Les ONG, acteurs incontournables de la Solidarité Internationale ?

L’évolution des contextes et les enjeux à venir

, par Bioforce

La professionnalisation

Lors des premières missions humanitaires, la volonté d’engagement des personnes volontaires au départ en mission était le critère déterminant de sélection pour les ONG. Mais face à l’évolution du secteur, la motivation n’est désormais plus suffisante. Les associations demandent de plus en plus à leurs volontaires de posséder des compétences spécifiques dans la logistique, l’administration, la santé, etc. De nos jours, il n’est plus possible de s’engager auprès d’une ONG sans justifier d’une formation propre à un ou plusieurs domaines, voire même d’une expérience significative dans le cadre de missions sur le terrain.

Cette évolution significative du mode de recrutement des ONG est fortement liée à la question de la légitimité de ces dernières, qui doivent rendre compte de leurs actes à plusieurs niveaux. De plus, leur influence grandissante auprès de l’opinion internationale, des Etats et des entreprises s’accompagne d’une interrogation quant à leur notoriété et à l’efficacité de leurs actions. Elles ne peuvent donc plus se permettre d’engager des personnes sans formation préalable.

Ce changement de direction a vu naître de nombreuses formations préparant aux métiers de l’humanitaire. Cela va du niveau bac+2 au niveau Master.
Les représentations et les pratiques liées à ce processus de professionnalisation sont multiples. Cela peut être la mise en place d’une compétitivité accrue, des méthodologies affinées et de plus en plus complexes, l’instauration d’une régularisation du temps de travail, etc. Sous cette même représentation, se présentent aussi de nombreuses difficultés telles que l’alourdissement des tâches administratives et une bureaucratisation plus pesante et chronophage.

Une culture de plus en plus proche de celle des entreprises

Organisations à but non lucratif, les grosses ONG sont conduites à brasser plusieurs dizaines de millions d’euros. Cette dimension les amène à adopter des stratégies d’internationalisation et une culture du résultat proches du modèle économique des entreprises.

Médecins du monde, c’est 70 millions d’euros de budget ; Action contre la faim, 100 millions ; Médecins sans frontières, 230 millions et plus de 1 milliard d’euros pour tout son réseau ; Oxfam, 800 millions d’euros, etc.

Il s’est ainsi dessiné au fil du temps des configurations semblables aux grands groupes ou aux multinationales.

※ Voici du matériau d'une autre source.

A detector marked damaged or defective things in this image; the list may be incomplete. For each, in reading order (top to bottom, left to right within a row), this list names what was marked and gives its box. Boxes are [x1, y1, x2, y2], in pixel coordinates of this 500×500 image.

Aussi, certaines grosses ONG voient leur département financier prendre le pas sur le stratégique et le terrain et on assiste à un véritable processus d’internationalisation dans tous les domaines. Les ONG les plus importantes créent même des filiales dans d’autres pays, comme c’est le cas pour MSF ou pour Oxfam.

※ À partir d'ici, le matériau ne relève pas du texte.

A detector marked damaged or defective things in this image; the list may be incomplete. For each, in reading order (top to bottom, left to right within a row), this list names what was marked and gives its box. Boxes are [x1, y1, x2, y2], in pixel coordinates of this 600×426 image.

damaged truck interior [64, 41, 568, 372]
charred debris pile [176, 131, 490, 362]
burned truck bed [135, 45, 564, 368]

S’installe parfois un véritable système de sous-traitance, avec les bailleurs de fonds qui sous-traitent aux ONG et les ONG du Nord à celles du Sud.
Et comme pour les entreprises, les ONG doivent répondre à des résultats d’évaluations, à des normes qualités et à la « satisfaction clients ». Des nombreux outils et méthodes qualités, comme la méthode Sphère ou la méthode Compas ont vu le jour à la fin du XXème siècle afin d’évaluer les critères qualités des ONG.
Du point de vue des ONG, si leur fonctionnement ressemble à celui d’une entreprise, c’est uniquement par souci d’efficacité, en cherchant à utiliser tous les moyens pour servir leur cause.

Vers une meilleure collaboration Nord-Sud ?

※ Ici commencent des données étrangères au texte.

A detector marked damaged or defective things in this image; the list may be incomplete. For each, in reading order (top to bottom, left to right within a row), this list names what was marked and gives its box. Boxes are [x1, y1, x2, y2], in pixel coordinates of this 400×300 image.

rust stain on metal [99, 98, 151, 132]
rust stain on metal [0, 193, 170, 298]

Un des autres enjeux des prochaines années sera la question de la légitimité d’actions entre les ONG du Sud et les ONG du Nord. En effet, pourquoi faire intervenir une institution internationale alors qu’une organisation locale a davantage conscience des problèmes qui touchent sa population et des solutions à mettre en place ? Les ONG du Nord ont longtemps eu tendance à mettre en place des programmes élaborés par elles, sans prendre en compte les initiatives et structurations mises en place par les organisations locales.

Conscientes de cette nécessité de collaborer, de nombreux partenariats se tissent entre les ONG du Nord et les ONG du Sud. Certaines ONG comme le CCFD-Terre Solidaire et Christian Aid établissent de nombreux partenariats avec les associations locales, recrutent du personnel local et envoient un nombre restreint d’acteurs de terrain venant du Nord afin de mettre en valeur le savoir local.

La politique des bailleurs internationaux et la pression des donateurs, tend à répandre les partenariats entre ONG du Nord et organisations du Sud. Ces partenariats ont, la plupart des cas, comme base « l’appui financier », les ONG du Nord devenant quasiment un donateur pour le partenaire du Sud, ce qui peut conduire à un déséquilibre relationnel. L’équilibre est observé lorsque le partenaire du Sud dispose également de moyens financiers.

L’action d’une ONG du Nord dans un pays peut être mal perçue par ce dernier au vu de ses us et de ses coutumes. Il est nécessaire que la structure qui intervient ait connaissance de la culture du peuple qu’elle souhaite aider afin de ne pas ajouter des conflits aux problèmes qui se posent. Les chefferies en sont un bon exemple. En Afrique, la chefferie est la fonction d’un chef de tribu. Ce dernier n’a pas le même poids suivant les régions, mais les ONG doivent passer par lui, si elles veulent éviter les problèmes. L’autre acteur incontournable que les associations doivent prendre en compte est le guérisseur car l’arrivée d’ONG en lien avec le secteur de la santé peut être prise comme une remise en question de son savoir et créer des tensions.
La question du temps est également essentielle, les ONG du Nord ne restant sur le terrain que le temps alloué par le programme ou le budget. A moyen et long termes ce sont les entités locales qui régleront les problèmes sources du besoin d’activités humanitaires.